### Exercise
Copy the data verbatim and leave out every picture.

### Pictures with short captions
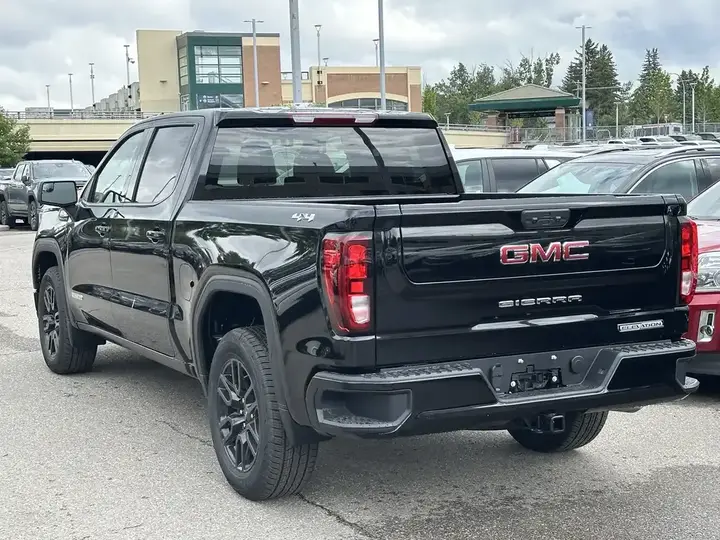 GMC Sierra 1500 2026 photo 4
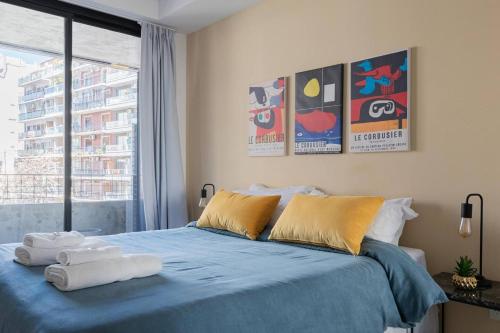 Un dormitorio con una cama azul con toallas. en New Arhaus 'b' - 1 Bd In Palermo Soho Fliphaus en Buenos Aires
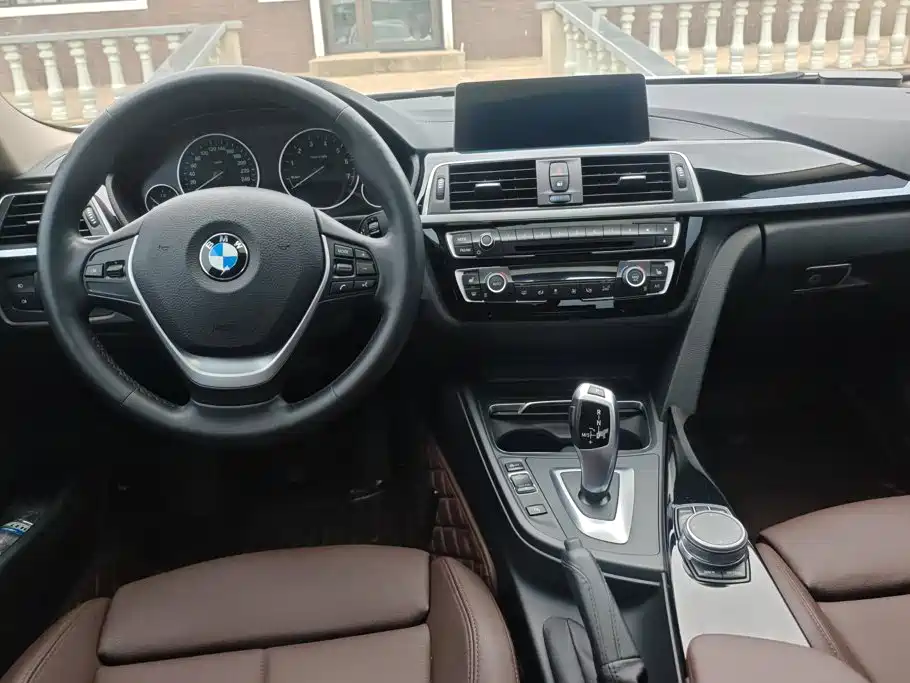 BMW 3 Series — миниатюра 12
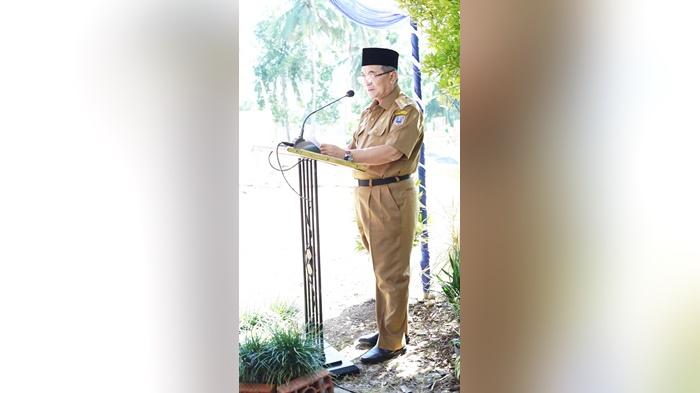 Bupati-Hss-Achmad-Fikry-pada-pembangunan-gedung-perpustakaan-Selasa-2452022.jpg
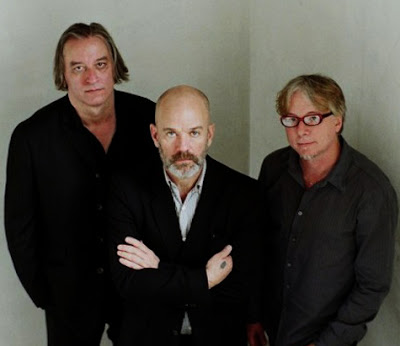 R.E.M. anuncia o final de suas atividades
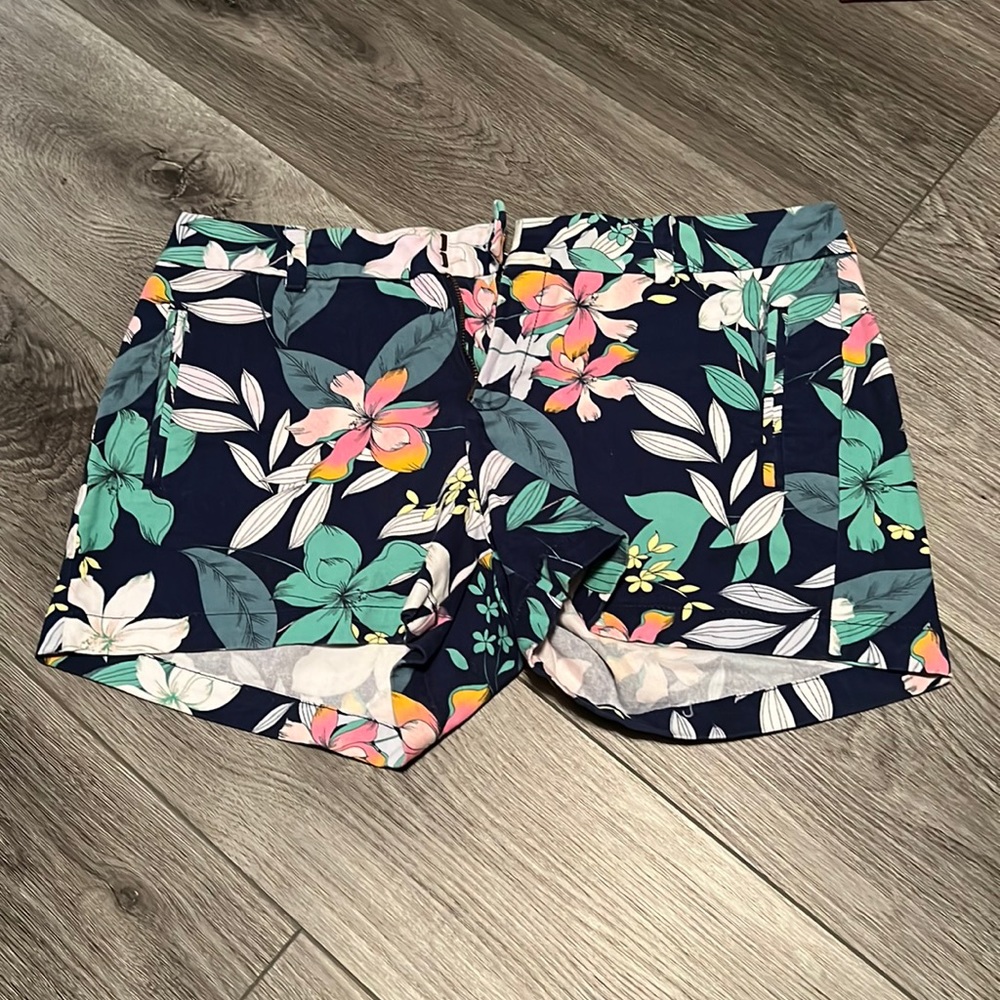 A.n.a shortd from kohls, size 10, fake pockets.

### Answer section
 GMC Sierra 1500 2026 photo 4
 Un dormitorio con una cama azul con toallas. en New Arhaus 'b' - 1 Bd In Palermo Soho Fliphaus en Buenos Aires
 BMW 3 Series — миниатюра 12
 Bupati-Hss-Achmad-Fikry-pada-pembangunan-gedung-perpustakaan-Selasa-2452022.jpg
 R.E.M. anuncia o final de suas atividades
 A.n.a shortd from kohls, size 10, fake pockets.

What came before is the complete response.